この曲は、あたたかく希望に満ちた歌だ。発表したのは、確かちょうどXJAPANから離れようとしていた頃だ。とても疲弊し、苦悩の中で、あちら側へ行ってしまった頃。そんな状況でも、Toshlがこういうあたたかい歌を作り、歌えていたことは、少しほっとする。Toshl自身の誤った選択によって、その後の12年に渡る壮絶な日々が始まったわけだけれど、当時の彼を想うと、その道に歩みを進める中で希望を感じられる瞬間があったのなら、それはせめてもの救いだと思う。
Toshlはいま、どんな想いを込めて、どんな希望を込めてこの曲を歌っているのだろう。あの頃とは違う想いがたくさんたくさんあるだろう。でも、この曲が持つあたたかさや強さは何も変わっていない。「あの頃から何も変わっていない」のではなく、いまのToshlが持っているものは、本当はあの頃もあったのだと思う。本質は、そんなに変わらない。いまも昔も、ToshlはToshlだ。そして、曲は色あせることなく、むしろ深みを増して、私たちをやさしく包む。

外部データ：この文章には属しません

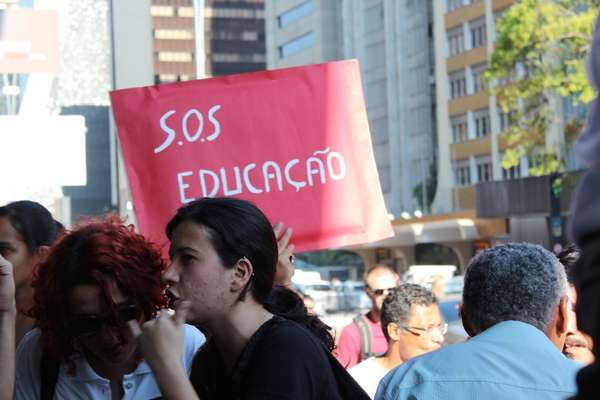 Professores da rede estadual de São Paulo fazem mais um protesto no vão livre do Masp para cobrar melhores condições de trabalho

太陽の代わりに、Toshlの声が降りそそぐ。いま、この曲を聴くことができて、幸せだ。ライブのたびに、ずっと聴きたかった曲が1曲ずつ叶えられていく。
HANAを聴きながら、頭の片隅でENDLESS RAINを思い出していた。
ENDLESS RAINは、かなしみに傷ついて行き場のない心に寄り添って、その場所で泣かせてくれる曲だ。
HANAは、やさしく包み込んで立ち上がらせ、背中を押してくれる曲だ。
HANAとENDLESS RAIN、太陽と雨。一見対照的な曲のようにも見えるけれど、視点が違うだけで、聴き手を支えてくれることに変わりはない。
たぶん、YOSHIKIにはHANAの歌詞は書けないし、ToshlにはENDLESS RAINの歌詞は書けない。私にはどちらも必要で、どちらも大切。そして、Toshlにはどちらも歌い続けてほしい。
でも、願わくば、Toshl自身に降りそそぐのは、かなしみを包む終わらない雨ではなく、やさしい太陽の光でありますように。

HANAについても、Toshlは一言「この曲は歌詞が好きです」と言った。Carry Onと同じだよ……客席から苦笑が漏れる。一応、1曲1曲コメントしようとしてるのかなあ。でも、先を急いでいる印象。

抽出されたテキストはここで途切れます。